#### DATASET EXCERPT:

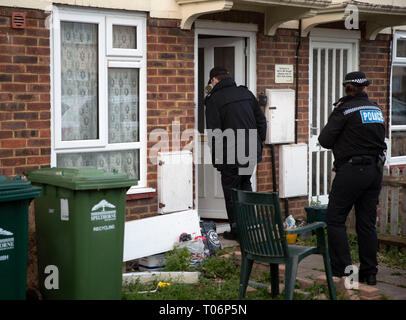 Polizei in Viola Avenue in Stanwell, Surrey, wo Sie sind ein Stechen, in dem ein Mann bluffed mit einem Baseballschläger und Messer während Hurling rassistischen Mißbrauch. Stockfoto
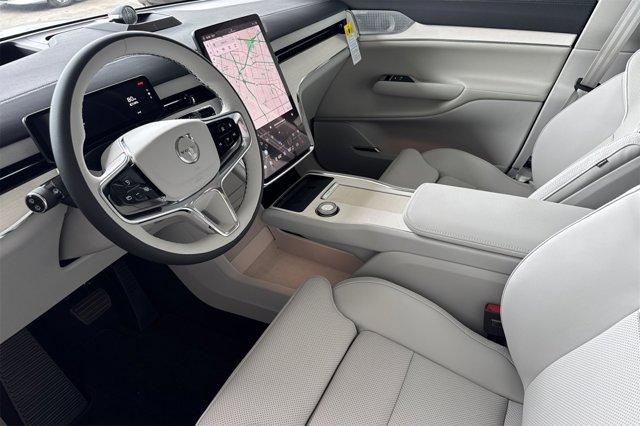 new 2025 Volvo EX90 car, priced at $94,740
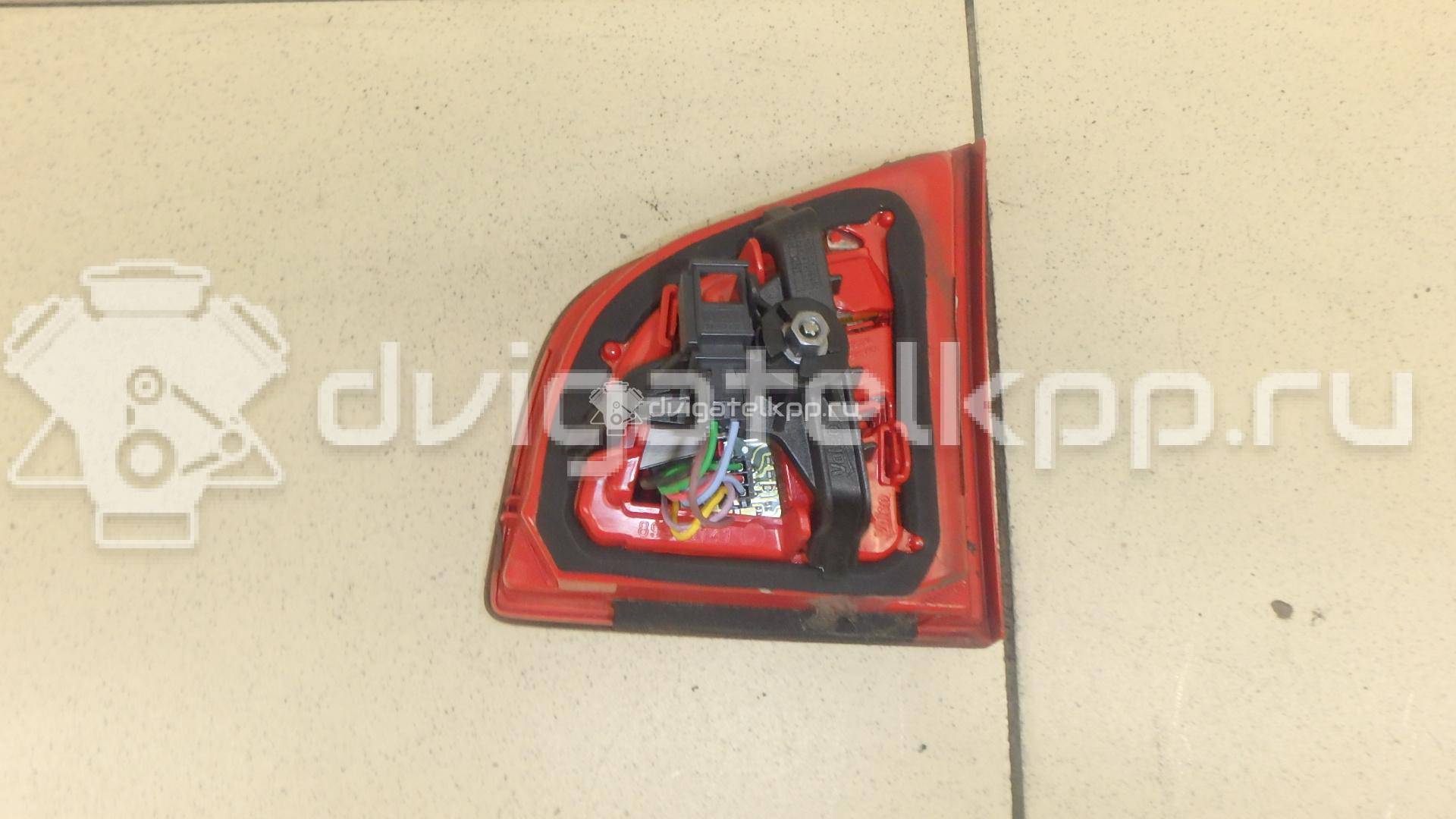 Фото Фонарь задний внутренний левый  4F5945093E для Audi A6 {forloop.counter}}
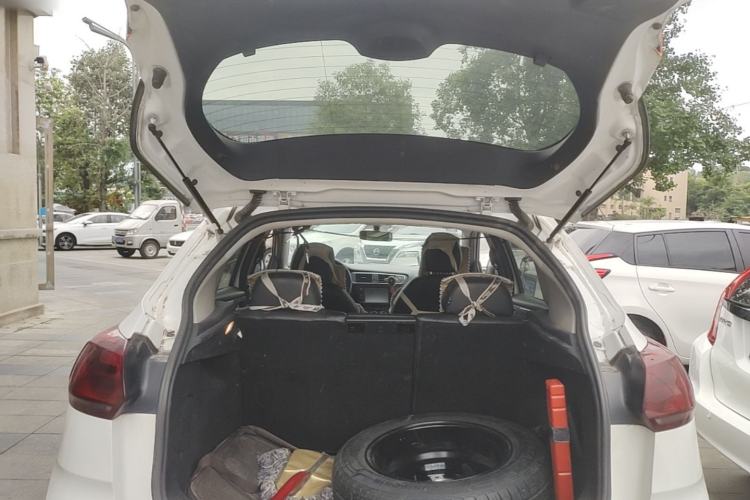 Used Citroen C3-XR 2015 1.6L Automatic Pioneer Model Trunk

#### TASK DESCRIPTION:
Every line from the start of the material through the line holding "new 2025 Volvo EX90 car, priced at $94,740" must be returned exactly, and the pictures must not.

#### RESULT FOR THIS TASK:
 Polizei in Viola Avenue in Stanwell, Surrey, wo Sie sind ein Stechen, in dem ein Mann bluffed mit einem Baseballschläger und Messer während Hurling rassistischen Mißbrauch. Stockfoto
 new 2025 Volvo EX90 car, priced at $94,740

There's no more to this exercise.